Resolving, however, is a much trickier proposition.
The windblown archipelago is once again claiming headlines here, climbing back near the top of Argentina's international agenda a quarter-century after its military surrendered the territory to Britain.
Last week Argentina aimed yet another rhetorical dart at Britain, publicly reasserting its claim to islands it says were stolen by the English in 1833. The British should be getting the message by now: President Nestor Kirchner's government in the past year has issued official complaints concerning rights to the islands at a rate of more than one per month.
Meanwhile, Argentina's legislature has convened a committee dedicated to bolstering its claim over the islands, which sit about 350 miles off its coast and where sheep outnumber people by about 220 to 1. The Argentine government has pushed for, and has received, attention from the United Nations, which drafted a committee resolution last year recommending negotiations.
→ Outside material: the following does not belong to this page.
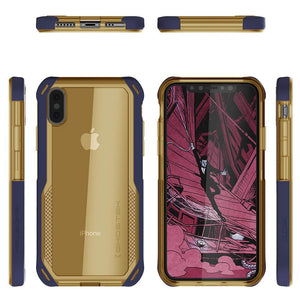 iPhone Xs Case, Ghostek Cloak 4 Series  for iPhone Xs / iPhone Pro Case | BLUE-GOLD (Color in image: Red-Clear)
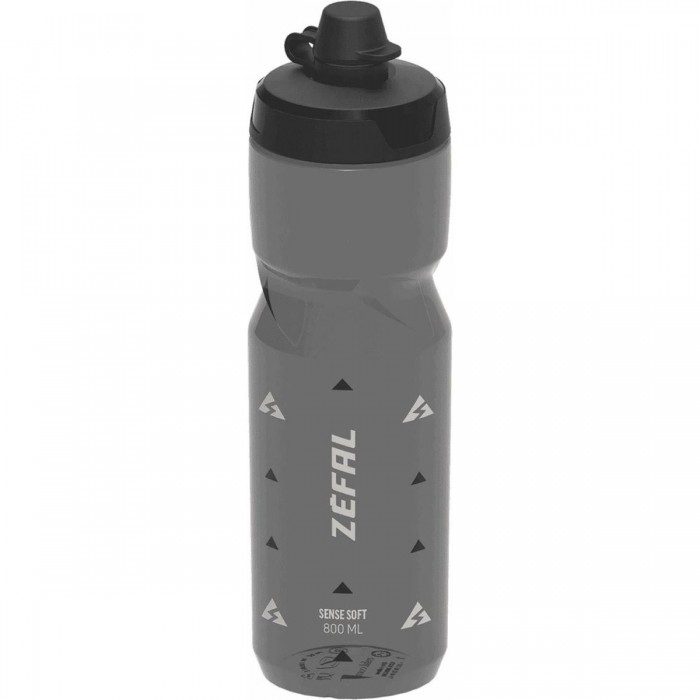 Sense Soft 800ml Black Transparent Bottle with Protective Lid and Silicone Valve - 1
Some political leaders in the region, including Venezuelan President Hugo Chávez, have also publicly rallied around the cause.
"Until the United Kingdom gives the islands back to Argentina, we have a moral obligation as Argentines to work toward their recuperation," said Santiago Tettamanzi, 69, a former merchant marine who plans to participate in a ceremony in April commemorating the war. "We never lost our rights to sovereignty. Getting them back is a national cause."